• [TASK ITEM] Reproduce exactly the line with "Camping and Corgis" and every line that follows it below, up to and including the last one. Do not include pictures or anything else.

[Image-caption web data]
────────────────────────────────────────
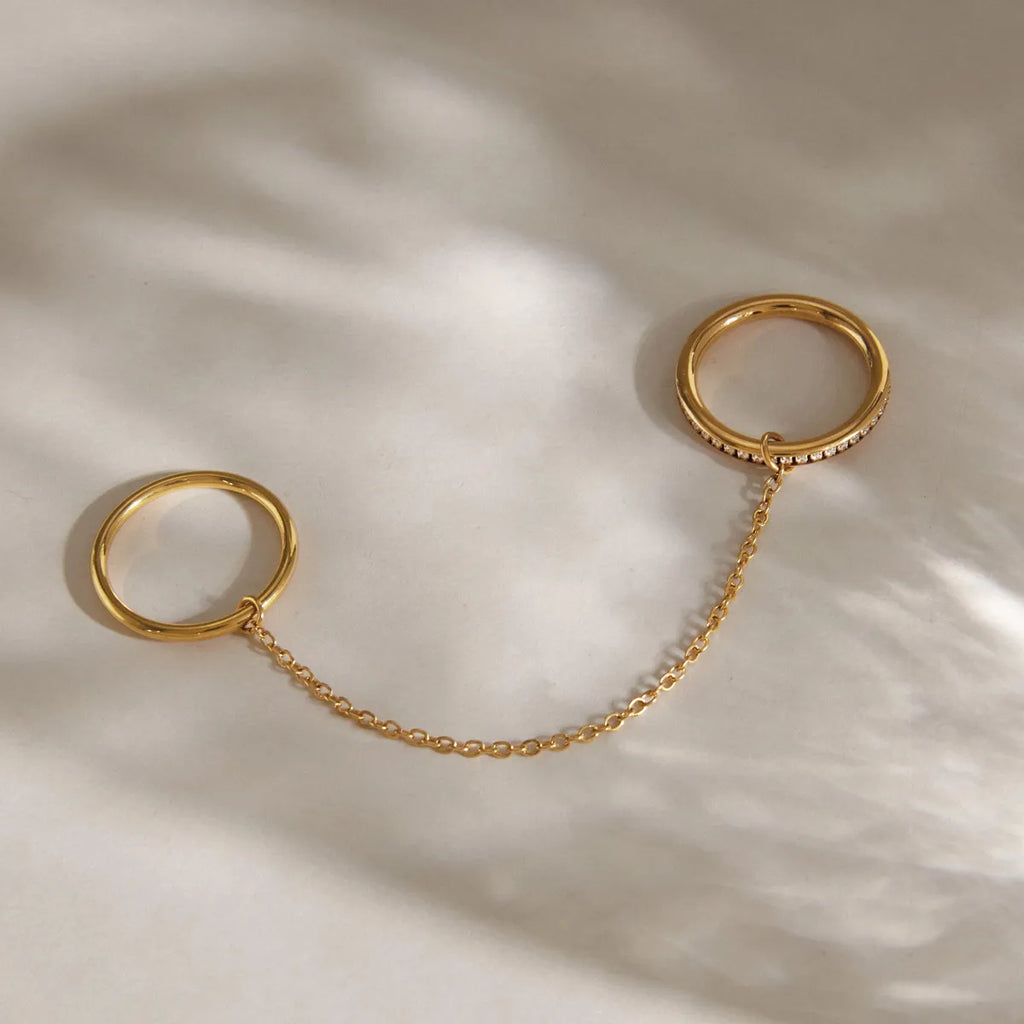 Waterproof Gold Chain Ring & Pearl Stacking Ring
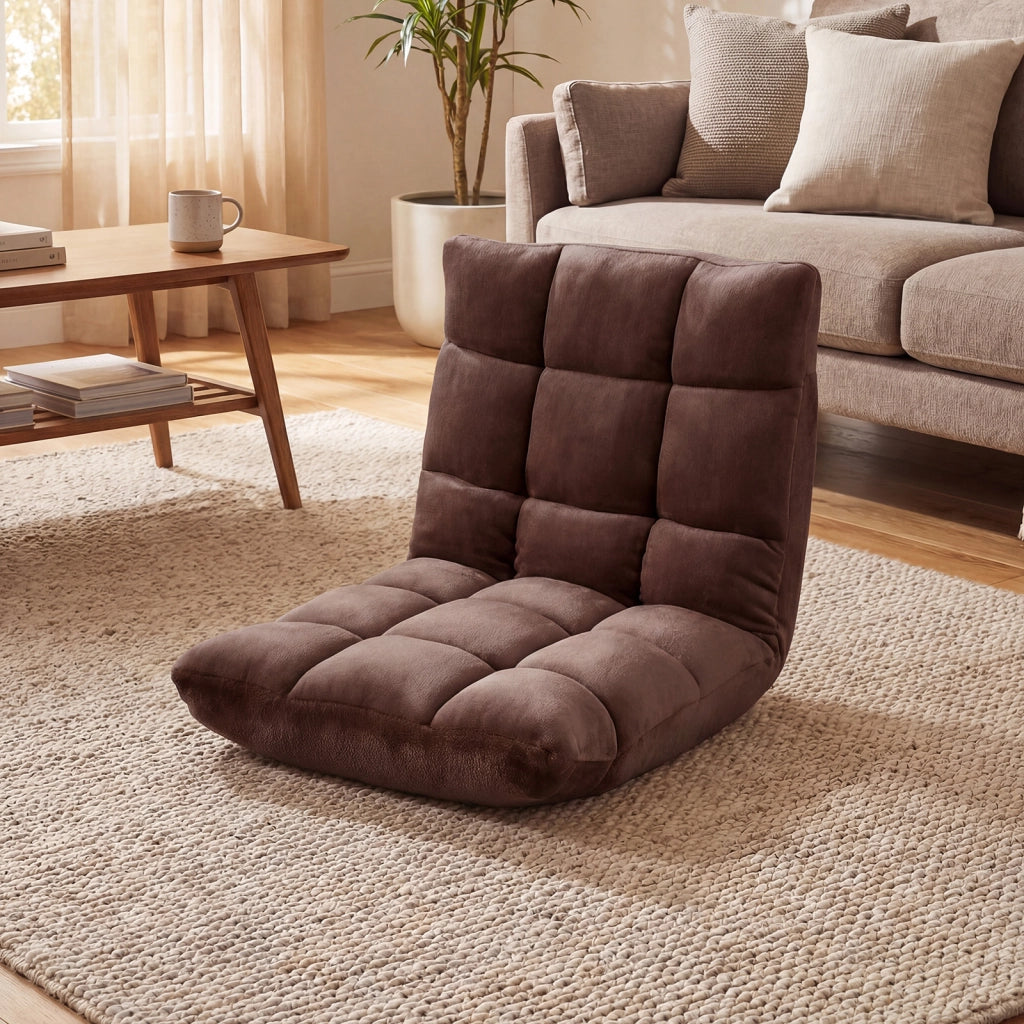 Sedia imbottita da pavimento regolabile in 14 posizioni, Poltrona da pavimento 105x56x15cm Marrone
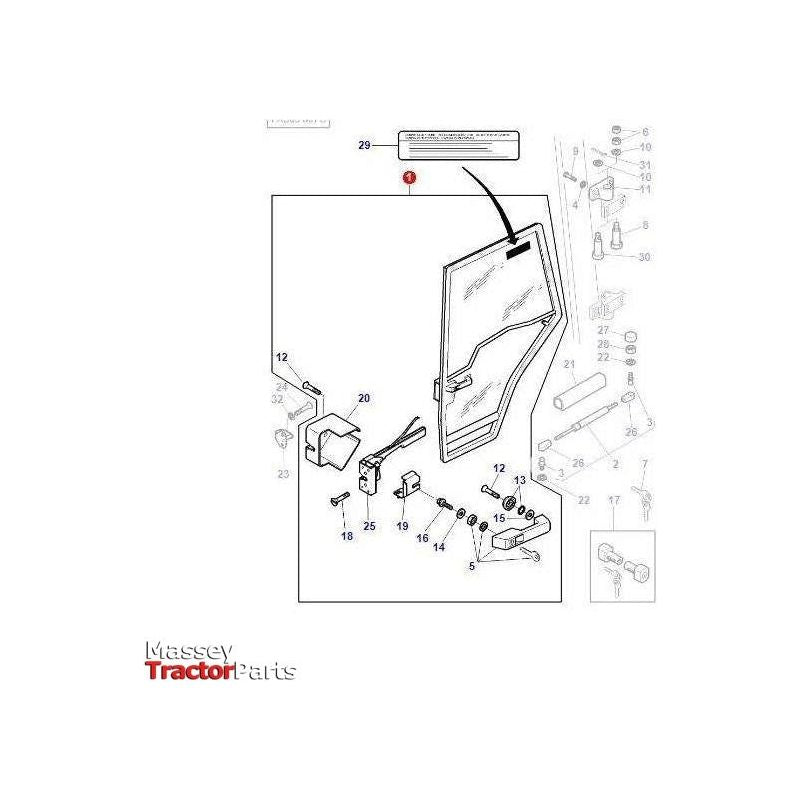 Massey Ferguson Complete Door R/H - 3907224M91 - ACP0348530 | OEM | Massey Ferguson parts | Door-Massey Ferguson-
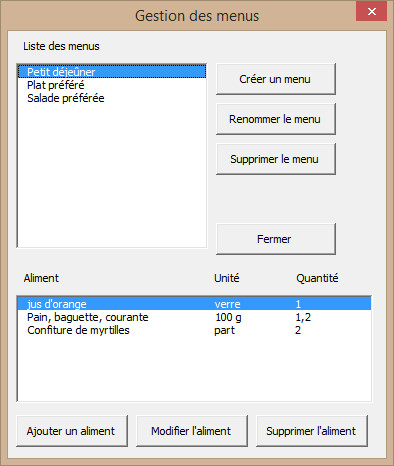 Gestion des menus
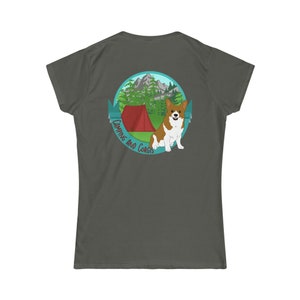 Camping and Corgis with Logo - Women&#39;s Softstyle Tee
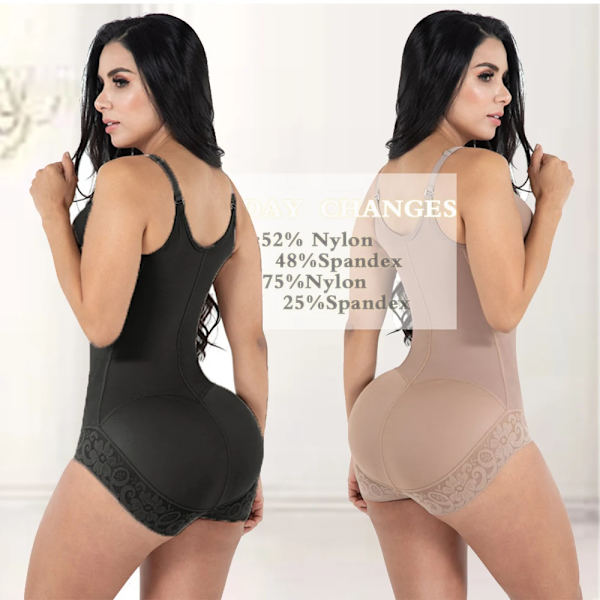 Högkompression Shapewear Med Hook Shaper Justerbar BH Slimming Body Kvinnor Spets Tan M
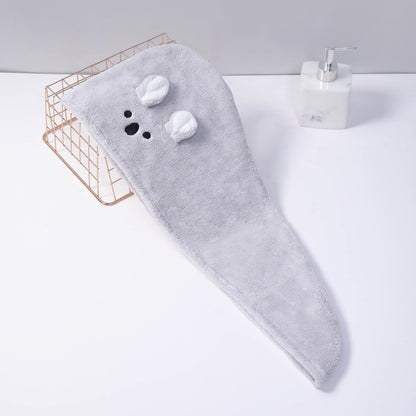 Cartoon Bunny Ears Dry Hair Hat, Super Absorbent Towel Cap with Cute Design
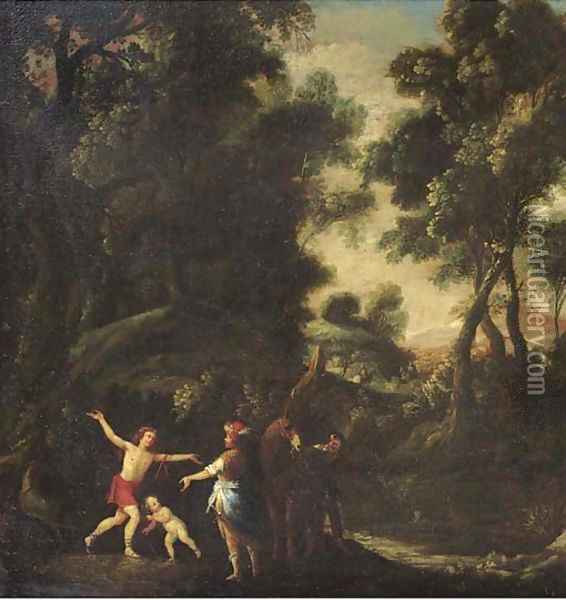 A mythological scene in a wooded landscape Oil Painting - Flemish School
────────────────────────────────────────
• [ANSWER FOR THIS EXERCISE]
 Camping and Corgis with Logo - Women&#39;s Softstyle Tee
 Högkompression Shapewear Med Hook Shaper Justerbar BH Slimming Body Kvinnor Spets Tan M
 Cartoon Bunny Ears Dry Hair Hat, Super Absorbent Towel Cap with Cute Design
 A mythological scene in a wooded landscape Oil Painting - Flemish School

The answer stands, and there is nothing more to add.